Richard Pike, chief sales and marketing officer at Phoebus Software:

“August already seems a long time ago and these figures really don’t represent anything that has happened in the last few weeks since the new government took control. However, the doom that the Bank of England was spreading regarding the country being in recession already has at least proved unfounded, so far. With the IMF cutting global GDP forecasts, the fact that our GDP estimate is down 0.3% in August following growth (albeit revised down) in July puts Britain in line with global predictions.

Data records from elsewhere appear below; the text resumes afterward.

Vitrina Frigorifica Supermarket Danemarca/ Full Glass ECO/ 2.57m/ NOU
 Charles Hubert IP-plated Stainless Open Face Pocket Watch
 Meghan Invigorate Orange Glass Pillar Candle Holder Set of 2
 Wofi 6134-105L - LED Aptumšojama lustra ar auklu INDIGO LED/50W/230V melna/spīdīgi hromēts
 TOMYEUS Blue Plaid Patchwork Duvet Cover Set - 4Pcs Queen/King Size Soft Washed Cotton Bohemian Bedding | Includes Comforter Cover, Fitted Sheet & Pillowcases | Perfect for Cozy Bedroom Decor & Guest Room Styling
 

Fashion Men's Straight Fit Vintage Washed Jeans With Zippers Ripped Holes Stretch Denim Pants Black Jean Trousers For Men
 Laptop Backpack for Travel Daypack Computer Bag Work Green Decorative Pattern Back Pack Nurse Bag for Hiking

“That said, the events that have unfolded in the last few weeks are sure to show themselves in upcoming data sets as the country finds its feet under the new regime and figures out exactly what this government is trying to do. Something that we should find out when the Chancellor delivers his ‘fiscal clarity’ statement on the 31st. For the mortgage market the prediction that interest rates are likely to increase by up to one per cent in the next MPC meeting, is going to put more pressure on lenders and borrowers. Mainstream banks are in a better position than smaller lenders and we have already seen the number of available mortgage products halve in two weeks. Unfortunately, although the affordability buffer was set at 3% the rising cost of a mortgage is only part of increasing costs at the moment. Lenders were never asked to predict how much inflation would rise if interest rates went up. Now they have to look at affordability from a much more holistic angle to assess the risk.

“House prices have already started to come down, and you will never take away the desire to own a home in the UK, so it now depends on how much prices fall in comparison to how much everything else goes up. There is always appetite somewhere, and one positive to come from today’s estimate is that new work in construction increased. Brokers will also come into their own with so many remortgage opportunities in the coming months.”